The only way that I can guarantee $100 in the first envelope, is by putting $100 into both of them.

(Still in case 2,) I could randomly (but not necessarily with equal likelihood) be putting up $50+$100 or $100+$200, but that only obfuscates the problem – your decision to swap, or not, is still irrelevant.

October 29th, 2011 at 7:02 am

X being the value of money in envelope one, and y being the value in envelope 2, you have either (for both problems):

y=x2 or y2=x

Set the amount of money in the first envelope at any number.

y=100(2) or y2=100

so

y=200 or y=50

You will be gaining or losing the same -percentage-, but the actual amounts are lose .5x or gain 1x. While it may be true that over an extended period of time the odds would average out, we are talking about -one- time, -one- envelope. Therefore you should always swap.

October 29th, 2011 at 9:16 am

Hi Blake. For problem 2, if I (always) offered you two envelopes, one containing $50 and one containing $100, and you happened to pick the one containing $100, the other would (always) contain $50 and it would never contain $200.

Your maths cannot dictate what I put into the envelopes.

——

Here are the calculations for the case where the quantities in the envelopes are independent random variables:

Problem 1: Let the first envelope contain x. Let the second envelope contain an amount z, where z = x/2 with a probability 1/2 and z = 2x with a probability of 1/2. If you don’t swap, the expected value of your takings is E(x). If you do swap, the expected value of your takings is E(z) = E(x/2)/2 + E(2x))/2 = 5 E(x)/4.

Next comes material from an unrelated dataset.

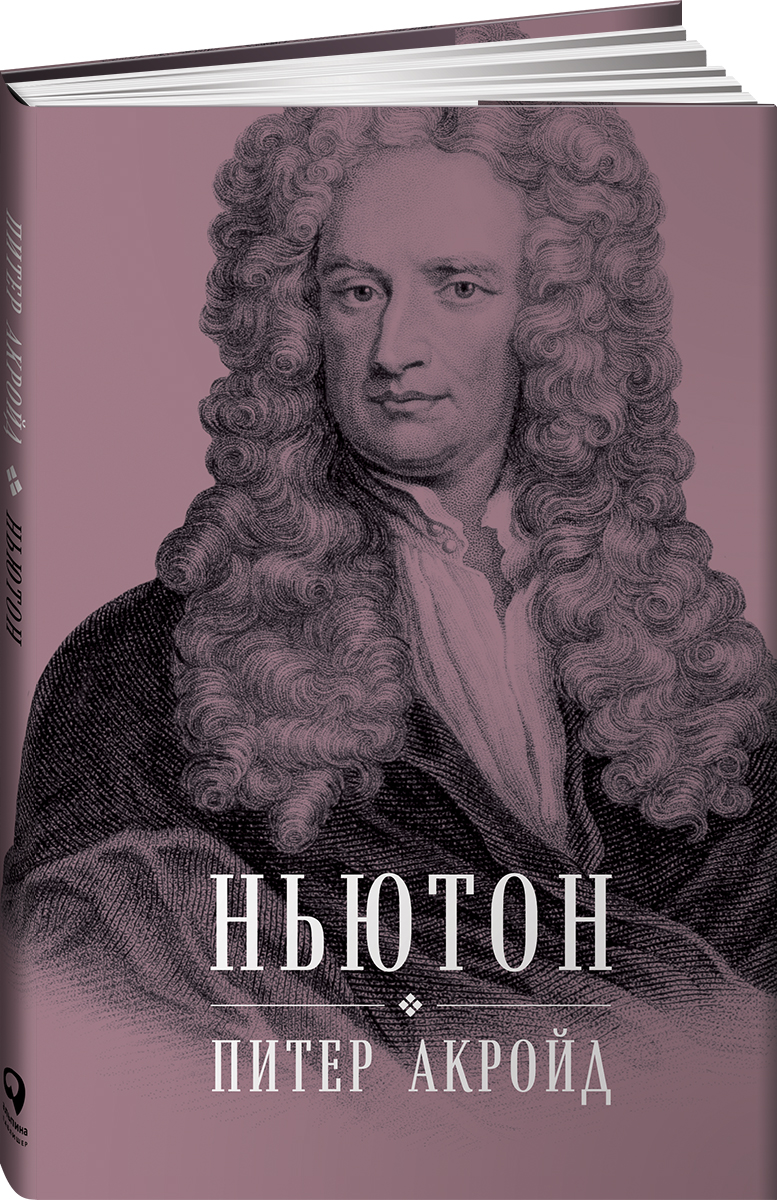 Ньютон. Биография - купить с доставкой по выгодным ценам в интернет ...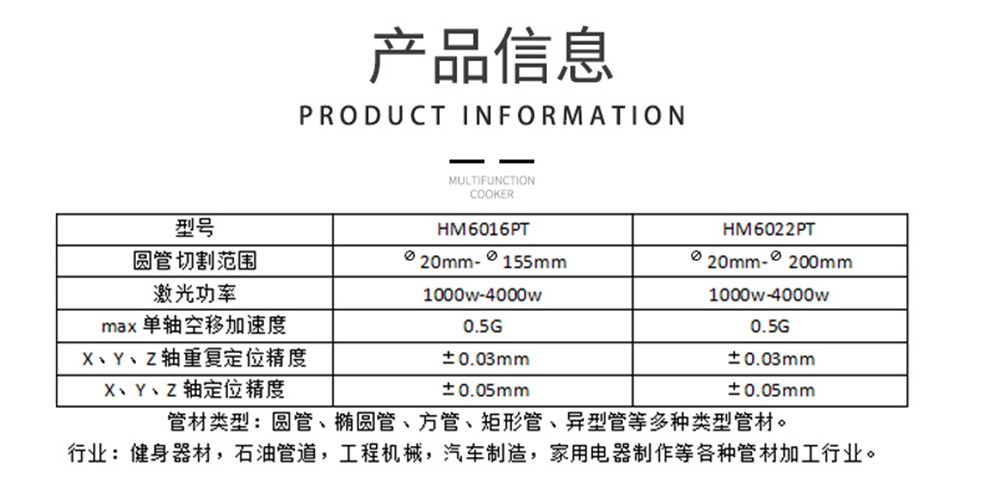 Laser Pipe Cutting Machine Huamai Laser Stainless Steel Metal Round Tube Square Tube Cutting Machine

Problem 2: Let the envelopes contain y and 2y, where y is a random variable, independent of the selection of the first envelope. NB the selection process defines the first envelope. There is a probability of 1/2 that you will first select the envelope that contains y and a probability of 1/2 that you will first select the envelope that contains 2y. Let E(x) be the expected value of the first envelope. Then E(x) = E(y)/2 + E(2y)/2 = 3E(y)/2. If you swap, then let E(z) be the expected value of the second envelope. Then E(z) = E(y+2y) -E(x) = 3E(y) -E(x) = 3(2/3)E(x) -E(x) = E(x). So swapping doesn’t change your expected take away value.

October 29th, 2011 at 9:37 am

I forgot to mention that the posed problem is a Harvard grade problem.

The saddest thing about problems like these is that once you’ve understood them, they’re boring But at least they’re fun while working them out. So I will continue to post them.

See http://en.wikipedia.org/wiki/Two_envelopes_problem for more info/insanity about the posted problem (mainly for the second case).

October 29th, 2011 at 10:57 am

Chris you’re wrong on two points. The second problem in fact is identical to the first, the only difference being an artificial comfort that you get to choose the first envelope. The actual amount of the money does not matter at all, since its still an identical loss or gain, in direct proportion.

Also true is the fact that the probability is a false comfort. If the problem was “You are given 2, or 5, or 10, etc. envelopes, then you’d be absolutely right to take into account probability. As it is though, that’s -not- the question as written. You’re only getting one envelope, one choice.

October 29th, 2011 at 1:28 pm

Hi again Blake. Point 1: In problem 1, you could walk off with one of three amounts: x/2, x or 2x. In problem 2 you could only walk off with one of two amounts: y or 2y. Therefore the problems cannot be identical.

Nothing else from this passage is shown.